Top of Supplied data

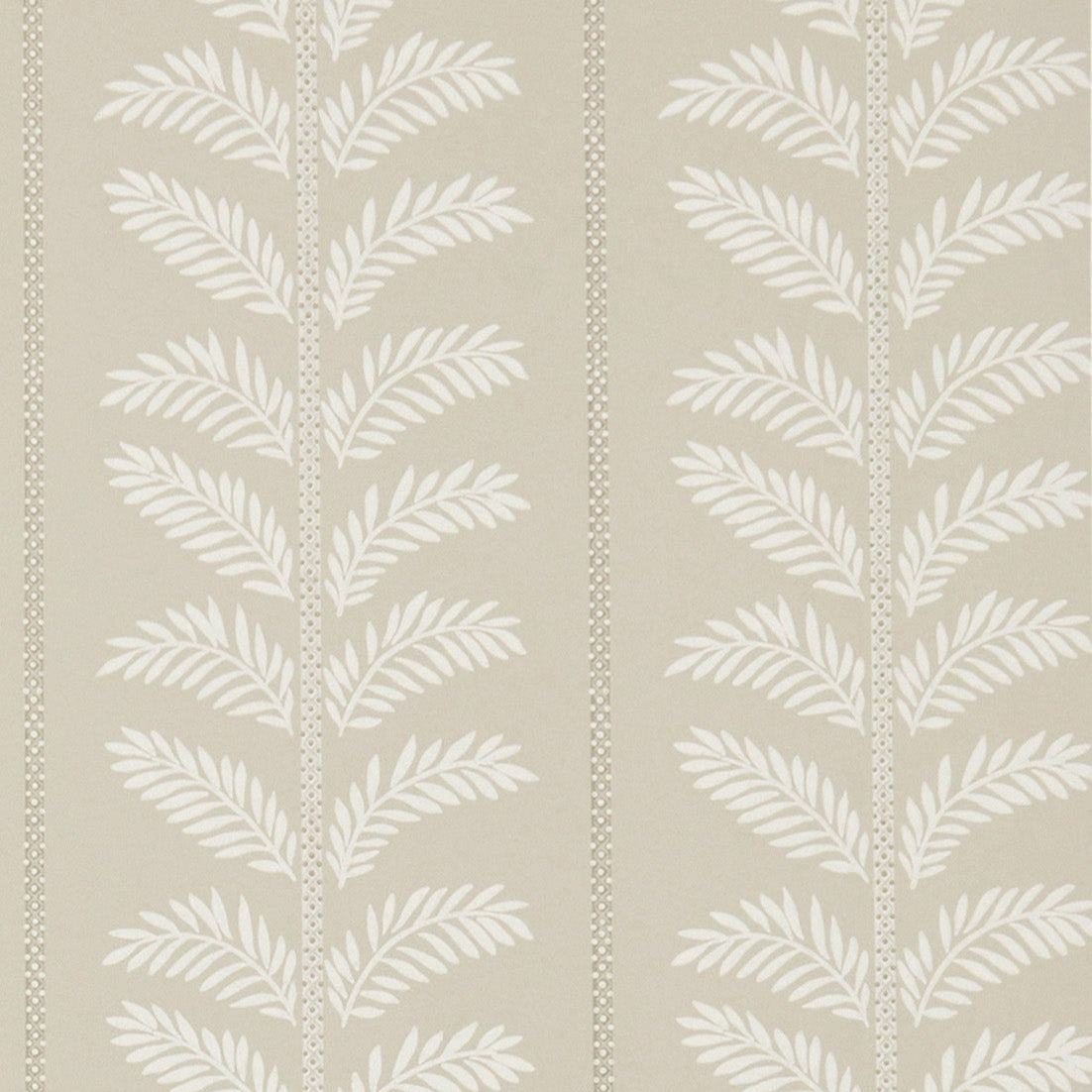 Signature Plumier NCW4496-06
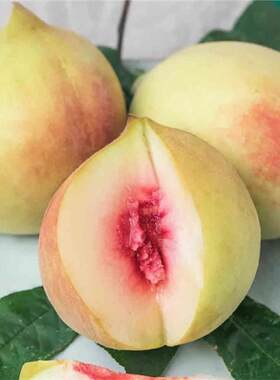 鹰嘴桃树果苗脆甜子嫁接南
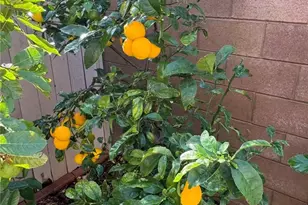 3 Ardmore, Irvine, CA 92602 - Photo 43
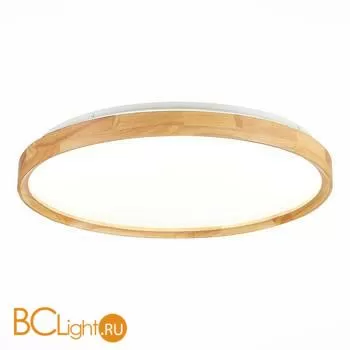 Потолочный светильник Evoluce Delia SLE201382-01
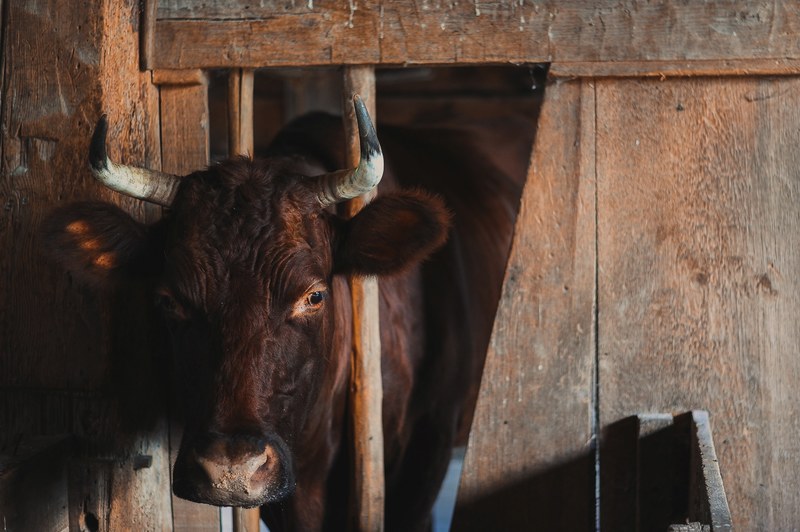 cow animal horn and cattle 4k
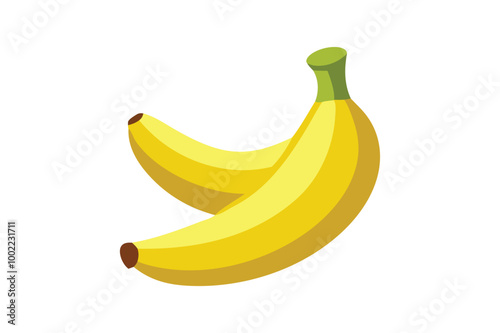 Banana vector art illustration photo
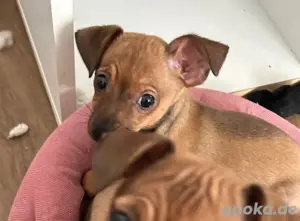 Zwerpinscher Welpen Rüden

Bottom of Supplied data

• [To do]: The answer must consist solely of the lines from the line containing "cow animal horn and cattle 4k" to the end of the data, reproduced exactly, with every picture left out.

• [Expected answer]:
 cow animal horn and cattle 4k
 Banana vector art illustration photo
 Zwerpinscher Welpen Rüden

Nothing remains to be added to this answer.